Marc Habermann received an Honorable Mention in the Best Student Paper category at CVPR 2020 for work with Weipeng Xu, Michael Zollhöfer, Gerard Pons-Moll and Christian Theobalt on “DeepCap: Monocular Human Performance Capture Using Weak Supervision”. Here, Marc tells us more about their research, the main results of their paper, and plans for further improvements to their model.
The topic of our work is monocular human performance capture which focuses on capturing the pose as well as the deforming 3D surface of a person from a single RGB video. In a daily life scenario, one can then record a video of a person just using his smartphone and DeepCap can recover the 3D geometry of the person who was recorded. It is worth noting that the monocular setting makes it especially challenging due to the inherent depth ambiguity and the large amount of occlusions.
There is a lot of previous work in the area of human performance capture using multiple cameras. They typically provide very high quality results which are for example used in movies. However, most people do not have access to these expensive hardware setups, e.g. multi-camera capture studios. But nowadays everyone has a smartphone that is able to record a video. Therefore, we are interested in developing methods that also work with a single camera to further democratize those technologies.
Moreover, with the current advances in virtual and augmented reality 3D characters become even more important as such characters can greatly improve the immersive experience of these devices. For example, you can capture the person next to you and apply augmentation techniques, for example re-texturing or re-lighting, or you can insert the person’s virtual double in a fully virtual world.
Last, I think the area of human performance capture comes along with very challenging problem settings, e.g. How can you recover the deformations for areas that are not visible to the camera? or How can you recover the depth of the actor from a RGB image/video?. Some of these questions were partially answered in previous work but there are still a lot of unexplored challenges. Therefore, I think there is great potential for future research.
Given a single RGB video of the person, we are interested in recovering the 3D geometry for each frame of the video. Therefore, we split the task into two subtasks and solve each of them using deep learning techniques. First, our PoseNet takes the RGB image and regresses the pose of the actor. Second, our DefNet takes the same RGB image and regresses the non-rigid deformation of the surface in a canonical pose to account for clothing deformations, e.g. the swinging of a skirt. Finally, the result of the two networks can be combined using our deformation layer and one obtains the posed and deformed character. The splitting of the task has the advantage that we can solve the problem in a coarse to fine manner which makes it easier to learn for the networks. To train both networks, no manually annotated data is required. Instead, we leverage weak multi-view supervision in form of 2D keypoints and foreground masks per view and frame. Here, our differentiable layers allow us to supervise the 3D geometry only using the weak multiview 2D supervision.

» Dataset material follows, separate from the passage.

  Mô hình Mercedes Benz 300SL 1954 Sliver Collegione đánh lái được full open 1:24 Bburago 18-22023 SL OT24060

The key question, which we asked ourselves when we started the project, was: Can weak multi-view supervision during training help to improve the 3D performance of our approach compared to previous work? Further, we asked ourselves: Can the network correctly predict the 3D deformations even for occluded surface parts given this type of supervision? In our experiments, we were able to show that indeed the network can learn these things and the type of supervision was sufficient for this task. For us, this was the main and most important finding.

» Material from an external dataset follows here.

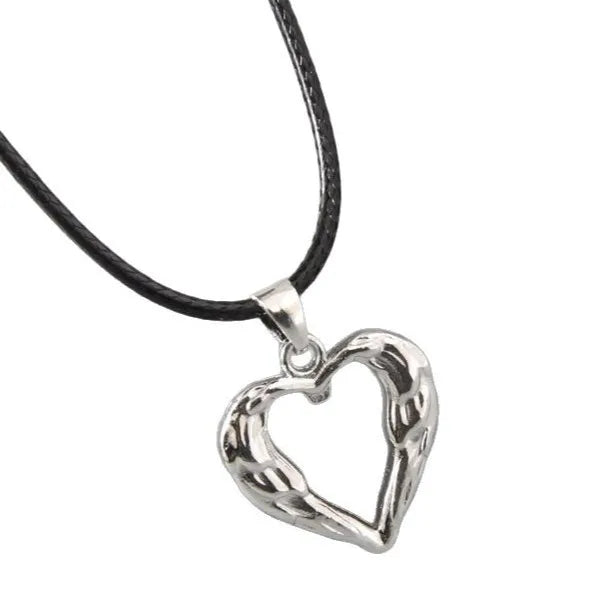 Fashion Cheapest  Retro Alloy Hollow Heart Pendant Men's PU  Rope Necklace for Party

I think two important aspects are still missing. First, we used purely geometric priors and our model is not multi-layered which means the geometry is not separated into body and clothing. Having a multi-layered model and a physics-based prior could further improve the tracking quality of the clothing. Second, our approach is person-specific. This implies that if we would like to track a new person or a new type of apparel we have to first capture a training sequence and train our models again. It would be more convenient to have a method that can generalize across people such that once the method is trained it can be applied to arbitrary people and clothing. In our video results, we already showed that our method can to some extend generalize to different people in the same type of clothing but still there was a drop in accuracy and it remains unsolved how to generalize to different types of clothing. But of course, there are also other directions which can be improved in future research like jointly capturing body, hands, face, and clothing or improving the tracking quality even further such that also smaller deformations like fine wrinkles in the clothing can be correctly predicted.
Read the paper in full here.
I work as a PhD student in the Graphics, Vision and Video group, headed by Prof. Dr. Christian Theobalt, at the Max Planck Institute for Informatics. Within my theses, I explore the modeling and tracking of non-rigid deformations of surfaces, e.g. capturing the performance of humans in their everyday clothing. In our previous work, LiveCap, we showed that this is possible at real-time frame rates and in our latest work, DeepCap, we further improved the 3D performance using deep learning techniques.